L’absence de glace au nord a donc contribué à l’absence de glace au sud, cette année.

« Une bonne partie de l’hiver, il y avait juste une petite bande de 100 ou 200 m [de glace] le long de la rive sud, c’était vraiment de l’eau libre, et ça, c’est vraiment exceptionnel », explique Pascal Bernatchez.

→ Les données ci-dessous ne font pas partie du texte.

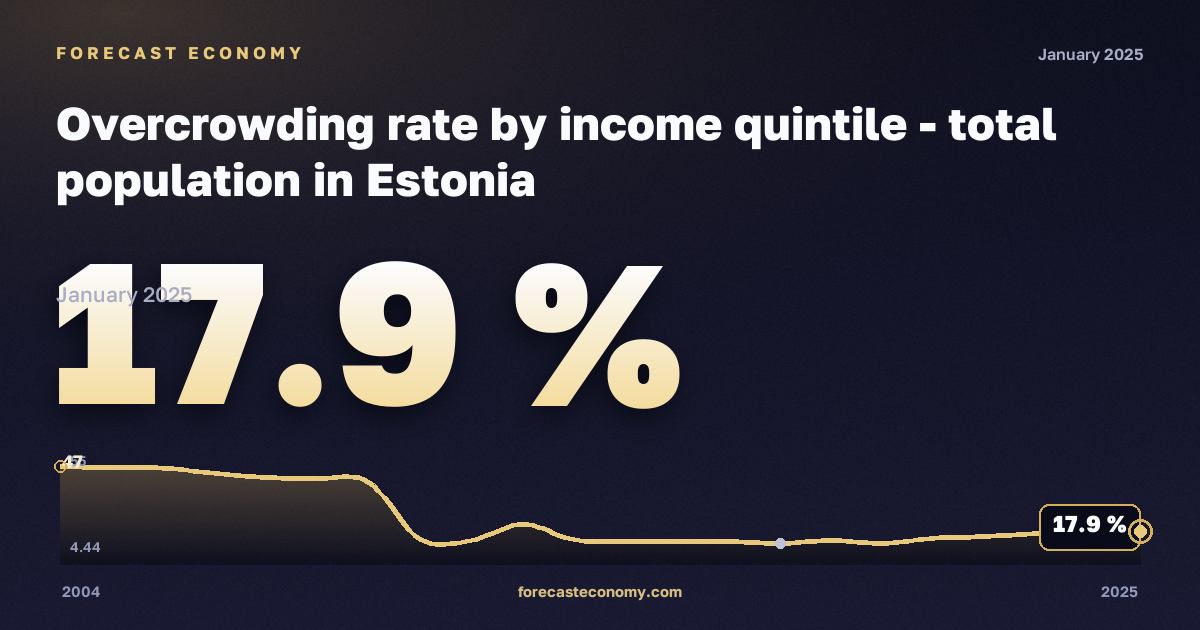 Overcrowding rate by income quintile - total population in Estonia: dynamics chart 2004–2025, latest value 17.9 %, source Eurostat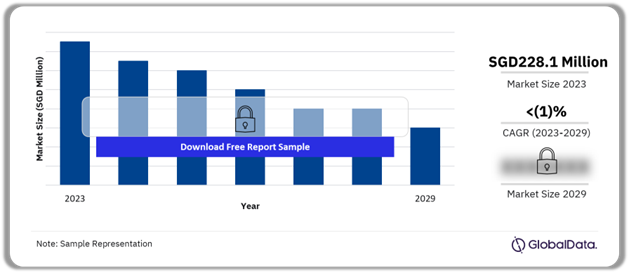 Singapore Baby Food Market Outlook 2023-2029 (SGD Million)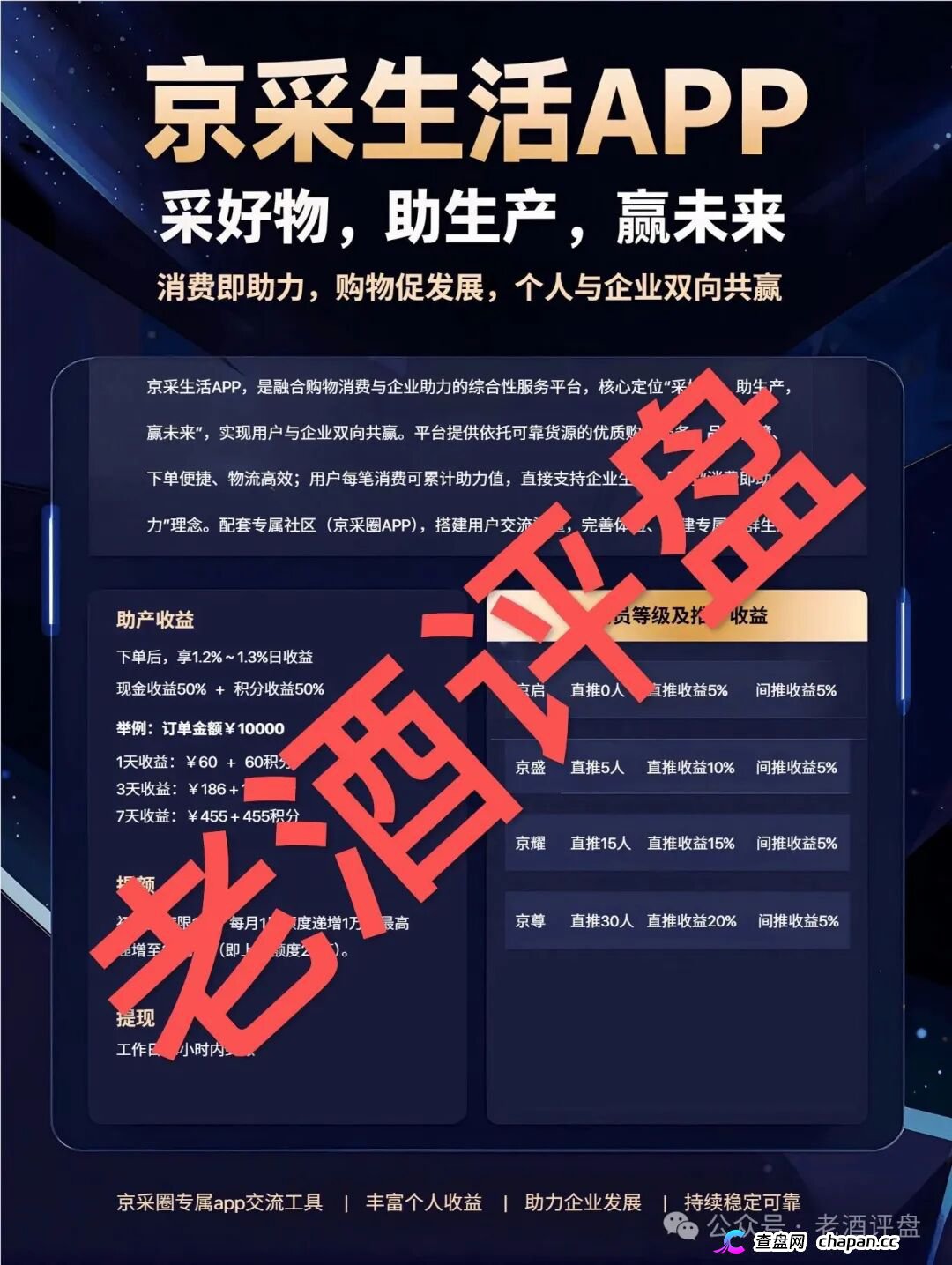 京采生活靠谱吗？日息1.3%的“消费返利”是鱼钩，四级传销拉人头是鱼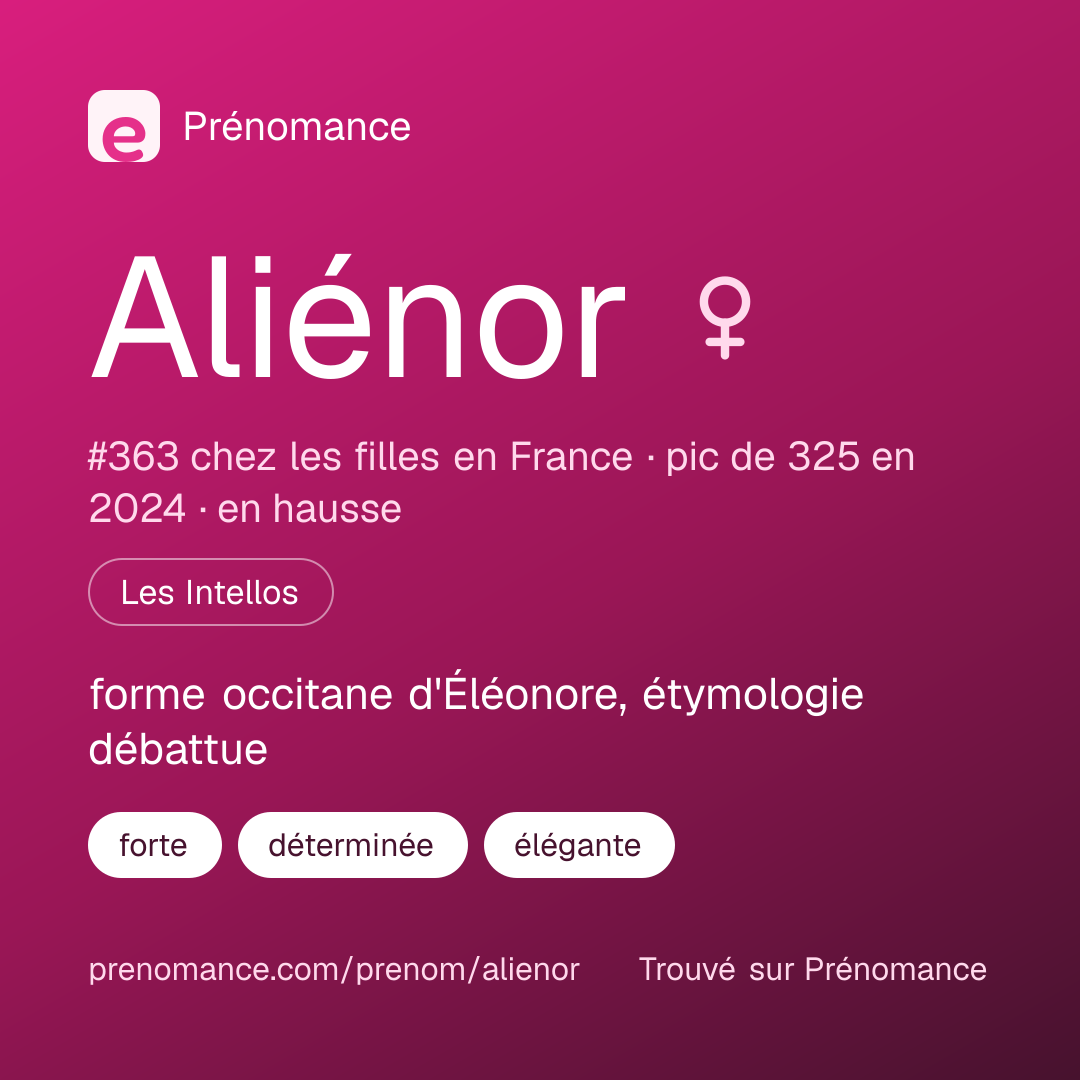 Carte de partage du prénom Aliénor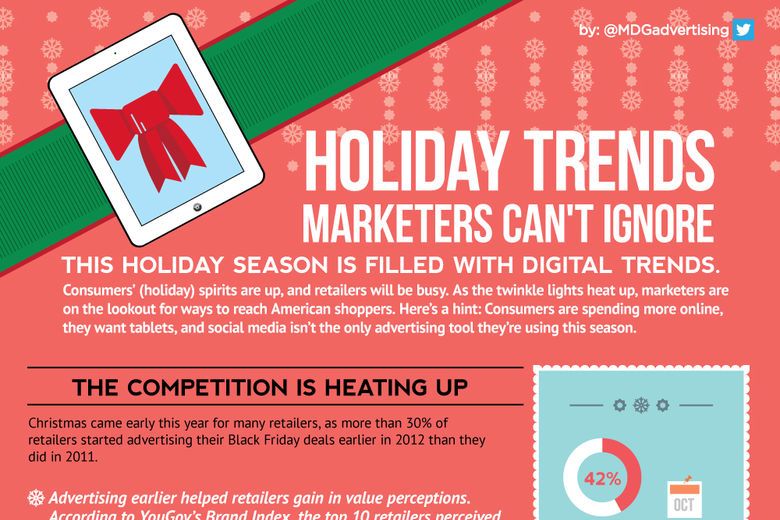 Holiday Trends Marketers Can’t Ignore [Infographic]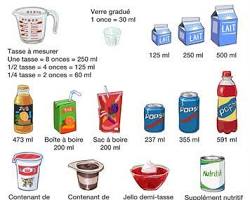 Liquides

Il y a une tendance lourde à la réduction du couvert de glace depuis la fin des années 1990.

Pascal Bernatchez

La Garde côtière peu sollicitée

PHOTO DAVID BOILY, ARCHIVES LA PRESSE

Les brise-glace de la garde côtière, comme le NGCC Martha L. Black (ci-dessus), ont effectué seulement quatre sorties pour escorter ou assister un navire dans le golfe et l’estuaire du Saint-Laurent cet hiver.

Dans ce contexte, les brise-glace de la Garde côtière ont été très peu sollicités dans le golfe, mais aussi dans l’estuaire du Saint-Laurent, cet hiver.

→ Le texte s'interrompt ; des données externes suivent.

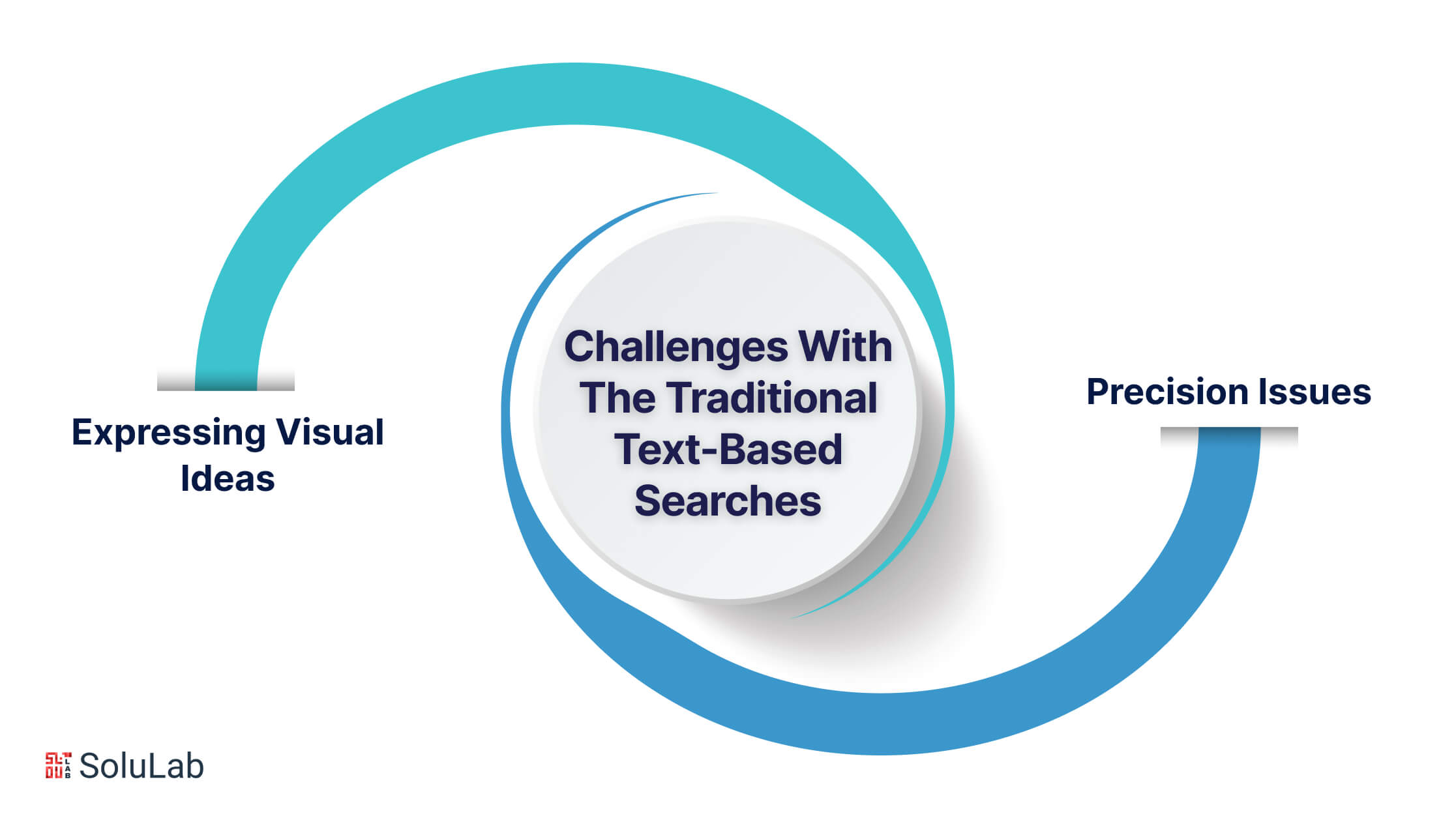 Challenges With The Traditional Text-Based Searches
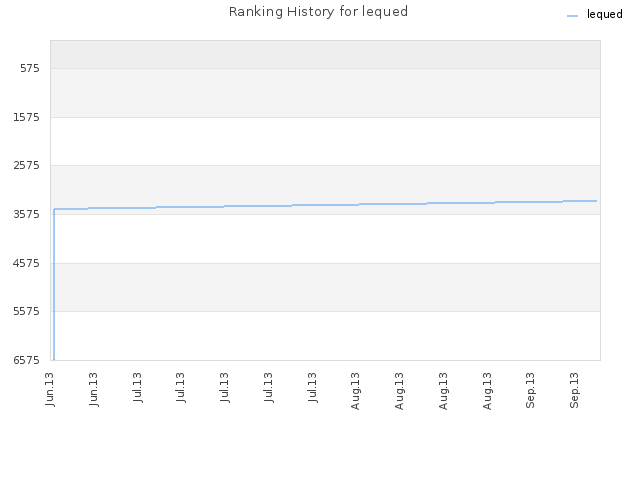 Ranking History for lequed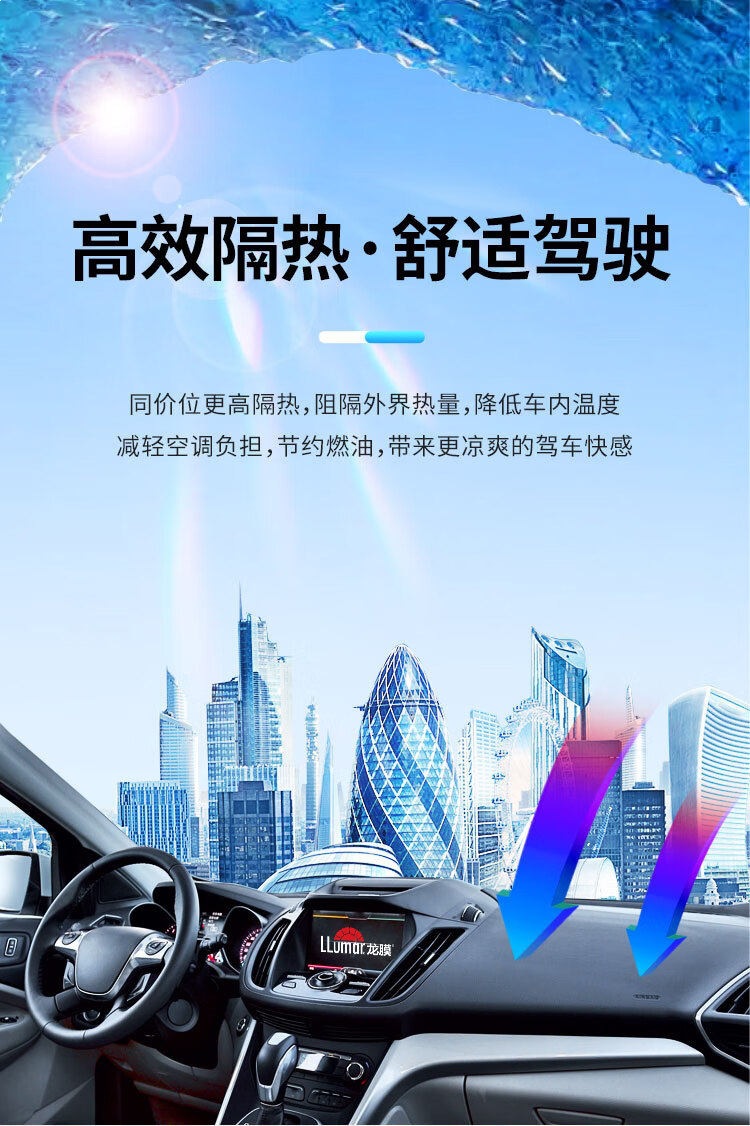Llumar Car Window Film Sun Protection Heat Insulation Explosion-Proof Front Windshield Side Rear Driver's Privacy Film Single Area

Ils n’avaient effectué que quatre sorties pour escorter ou assister un navire, et aucune pour ouvrir des voies de navigation ou pour dégager un navire prisonnier des glaces, en date du 15 mars.

C’est une fraction infime des 80 sorties du genre de l’hiver 2019-2020 et des 152 de celui de 2018-2019.

Crainte pour le crabe des neiges

L’absence de glace n’est pas le seul problème qui inquiète les chercheurs ; le réchauffement climatique a également une incidence sur la température des eaux du golfe du Saint-Laurent.

« Les eaux sont restées largement au-dessus du point de congélation », cet hiver, souligne Peter Galbraith, qui s’inquiète pour différentes espèces, dont le crabe des neiges.

L’hiver, les eaux du golfe se refroidissent très près près du point de congélation, puis, au printemps, la surface se réchauffe et « emprisonne l’eau froide en dessous », explique-t-il, précisant que cette « couche intermédiaire froide » constitue l’habitat du crabe des neiges.

« Là, on n’a pas refroidi [l’eau], on est un bon degré Celsius plus chaud », dit-il, indiquant que la température de l’eau risque de s’approcher éventuellement du seuil de tolérance du crabe, qui est de 3 °C.